Annette being a musical, it could have worked (and, frankly, it did work for a lot of critics, so your mileage may well vary) because of the way music works on its audience. Music can engage us emotionally in very different ways from story, characters and dialogue. It isn’t naturalistic or realistic, it can bypass the brain and go straight for the gut. Sparks’ music simply didn’t do that for me. In its repetitiveness, it felt like sketches towards songs, or like jingles on endless loop, made to sound more like actual songs by means of orchestration. Though that’s not quite true: the starting song, which by that time I’d heard a dozen times when watching the trailer, clicked, it added drive and playfulness to the first scene, before the plot is set into motion. But the playfulness either didn’t work in most of the other songs – apart from the occasional audacious scene or moment – or it sat at cross-purposes with the high melodrama of the operatic plot.

Critics were hot and cold on Annette, which suggests that it may be something of a Marmitey film. Perhaps it really comes down to how much one likes Sparks’ music, or the extent to which any given person watching the film enjoys what the film brings to the table – it is audacious and cheeky, and I admit to getting a kick out of Driver serenading Cotillard’s nether regions in mid-cunnilingus, something I’ve not seen in many musicals to date – versus what it never sets out to deliver, namely characters that go beyond archetypes and a plot that gives these characters something interesting to do. It is the stylistic and formal play that worked best for me, but in sum Annette spends too much time and energy on its melodrama and music, neither of which worked particularly well for me.
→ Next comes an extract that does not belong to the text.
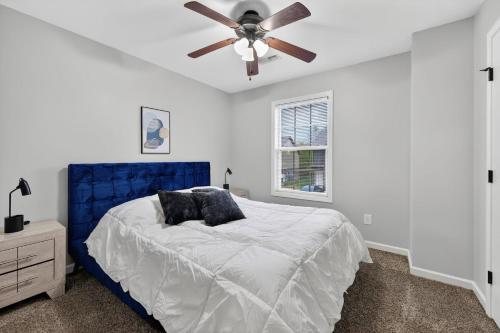 a bedroom with a blue bed with a ceiling fan at Inviting 2BR hideaway with contemporary touches in Clarksville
In a film of over two hours, it’s not a good sign if my favourite scenes were the first and last five minutes, and that these were pretty much entirely divorced from the plot and characters we watched for the remainder of the running time. I’m glad that such films get made, and I’d rather Carax kept doing exactly the films he wants to make – but I am sad that his grand puppet tragedy failed to pull my strings.